The company has a liquid cash fund of approximately $25 billion dollars. Earlier this year the company has a market valuation of approximately $125 billion (which has been reduced significantly, the 52 week high around $255 per share to a current $108 per share up from the low of $92 that occurred 10 days ago). I haven’t completely examined the financials thoroughly but the company puts their overall assets in the ballpark of $374.02 billion (http://www.marketwatch.com/investing/stock/vlkay/financials/balance-sheet/quarter). This seems reasonable and for this valuation it will be accepted at face value for this article. Their total liabilities stand at a $285.37 billion which leaves about $88.65 billion (as of June 30’Th this year) that is potentially available (without external help) to resolve this crisis. Finally the company’s net income for the four quarters is $10.83 billion

Volkswagen Emissions Crisis Cost in the U.S.

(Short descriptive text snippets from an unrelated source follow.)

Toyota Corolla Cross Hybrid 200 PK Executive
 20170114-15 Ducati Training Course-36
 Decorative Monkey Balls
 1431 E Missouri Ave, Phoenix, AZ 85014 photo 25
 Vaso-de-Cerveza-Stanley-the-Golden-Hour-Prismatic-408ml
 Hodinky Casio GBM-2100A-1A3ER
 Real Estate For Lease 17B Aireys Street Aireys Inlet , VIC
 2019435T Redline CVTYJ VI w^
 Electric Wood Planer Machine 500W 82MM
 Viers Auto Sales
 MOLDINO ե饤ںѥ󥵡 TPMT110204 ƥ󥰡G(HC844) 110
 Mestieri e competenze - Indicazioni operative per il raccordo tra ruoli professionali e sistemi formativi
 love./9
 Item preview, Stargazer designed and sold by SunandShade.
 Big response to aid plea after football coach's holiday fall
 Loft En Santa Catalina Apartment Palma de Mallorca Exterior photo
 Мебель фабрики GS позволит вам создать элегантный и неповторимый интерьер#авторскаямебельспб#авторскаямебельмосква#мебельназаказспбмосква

The simplest worst case cost to determine is the U.S. EPA maximum fine value. This number alone for the 500,000 (11,000,000 world wide) illegally operating vehicles it sold in the U.S. is approximately $18 billion. There is currently a large cohort of analysts who believe the actual fine will be much lower. The historical highest actual fined amount is only $1.2 billion paid by Toyota for the faulty ignition switches. General Motors paid $900 million for their ignition switch scandal which killed 124 people. Putting this in perspective the VW emissions scandal has probably (it is practically impossible to get an actual count) killed between 16-94 people inside the United States. As a result some analysts anticipate the actual fines being much lower than the $18 billion. However, I differ in my opinion that the VW crisis will end up being much larger than many people anticipate (I wouldn’t be surprised if the U.S. EPA seriously considers the maximum penalty). The big difference is that VW intentionally designed and implemented technology then sold it to consumers illegally and falsely advertised knowing that the emissions released would hurt people. This is much worse than previous recalls where damage was primarily cause by accident (or lack of proper review) instead of willfully and intentionally causing harm. In my mind this is the difference in a plane engine failing and the plane crashing due to the malfunction versus the pilot intentionally crashing the plane. One scenario is exponentially worse than the other though both are tragic. My gut tells me that many others, including the EPA, can also easily see this distinction and as a result I believe the end fine will be between $12-18 billion.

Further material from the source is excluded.